Thanks to all for their answers.
 Ed, your setup sounds  close to what I intend to do. I have a BBQ grill 
dish here for 2.4Ghz and then I'm working on homebrew  antennas for 70cm and 
2 meters. Neither will have near the boom length of your antennas. My main 
concern was enough seperation between the antennas.
 I was going by the concept of stacking monobanders on HF. If I remember 
correctly, a minimum of a quarter wavelength on the lowest frequency is 
usually used. for seperation distance.I wasn't sure if that applied to 
sattelite systems or not but judging by your experience 5 feet should be 
fine for my application.
Thanks and 73,
Michael, W4HIJ
----- Original Message ----- 
From: "Edward R. Cole" <al7eb@acsalaska.net>
To: <amsat-bb@amsat.org>
Sent: Saturday, March 18, 2006 4:18 PM
Subject: Re: [amsat-bb] Cross boom length?

> Although what Joe says is true,  the longer cross boom places the rotator
> under more mechanical stress from wind forces, since the antennas are on a
> longer lever arm (greater vector arm) from the center of rotation.

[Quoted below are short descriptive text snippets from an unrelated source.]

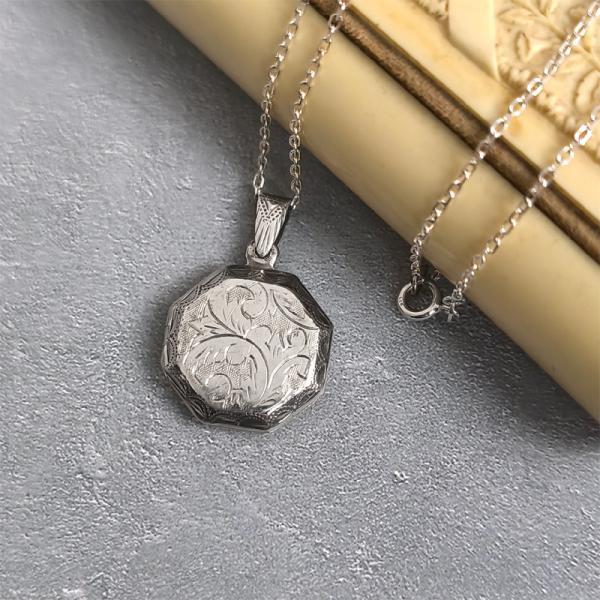スターリングシルバー ボタニカル オクタゴン ロケット ペンダント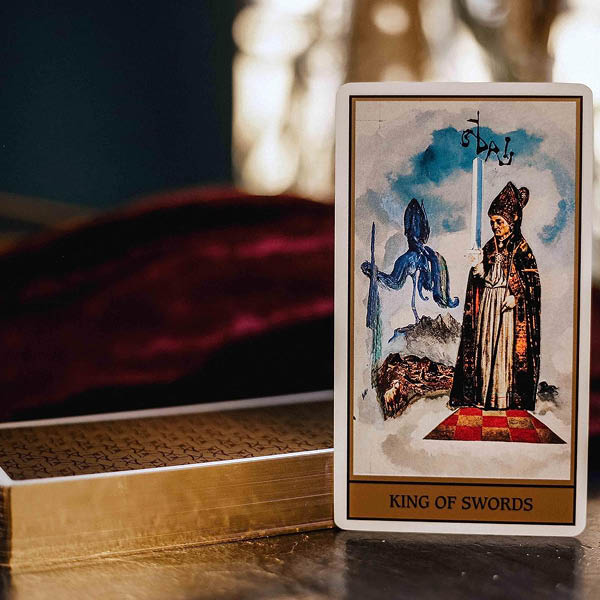 Dalí Tarot Universal Gold Edition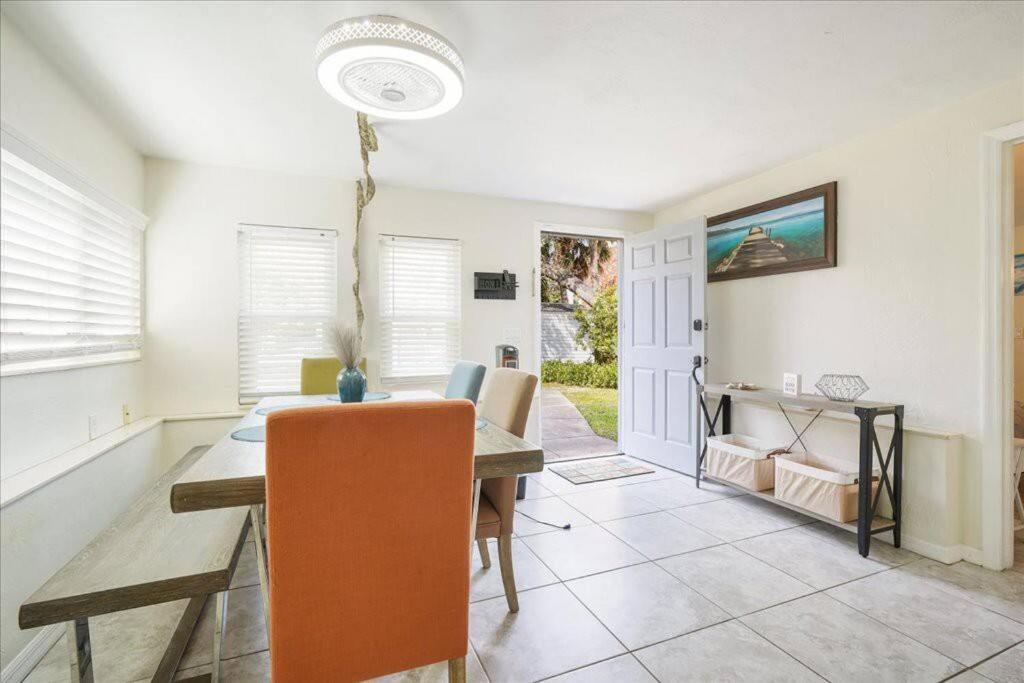 Holiday home 5 Minutes Walk To 4br/2baths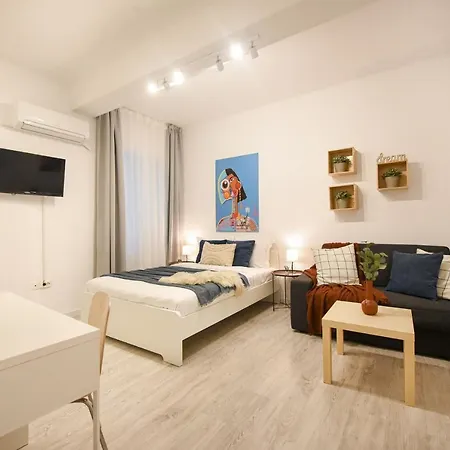 Apartment Central Treasure - Cozy 2 Bedroom In Historic Old Town
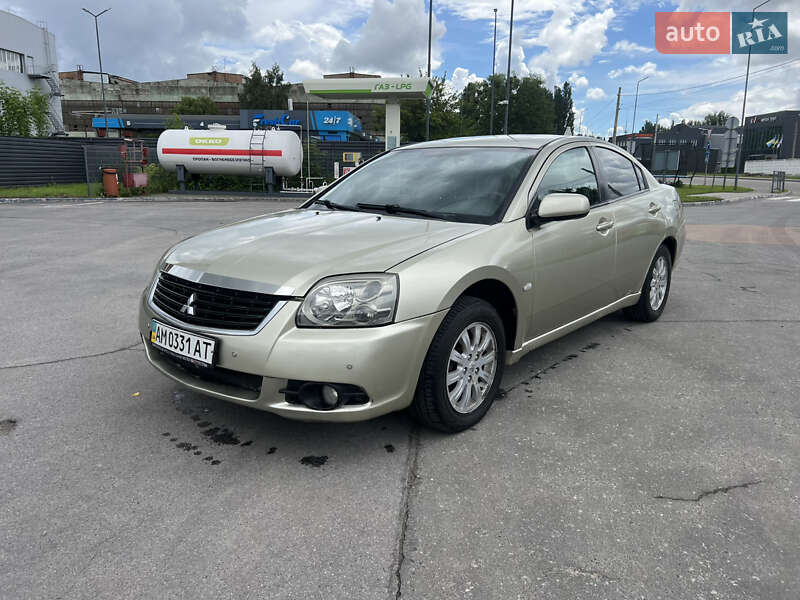 Седан Mitsubishi Galant 2008 в 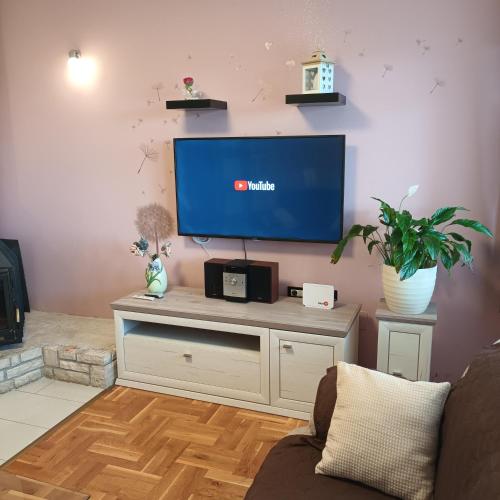 House Dolly [VR] – Porec, IA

> I have used a 60-inch (5-ft) sched-80 aluminum cross boom with my Yaesu
> B5400 which supports an 18-foot long M2 436CP42 and a KLM-22C (about the
> same length as the M2) on the other end.  In the middle is a 33-inch dish
> for 2400 MHz.  I have not experienced any cross talk of the antennas in
> full-duplex mode-U, L or S.  I removed my 1268 equipment last summer and
> installed them inside my 2m eme array so that they could also be used for
> terrestrial communications on 1296.
> The satellite array is mounted on a radio shack tripod tower and sits 
> about
> 12-feet above the flat roof of my house:
> http://www.qsl.net/al7eb/sat.htm
> 73's Ed - KL7UW
> At 02:05 PM 3/18/2006 -0600, Gary \"Joe\" Mayfield wrote:
>>Longer is better - more isolation - more room for antennas.  That's why I
>>always recommend a 10 foot piece of steel tubing.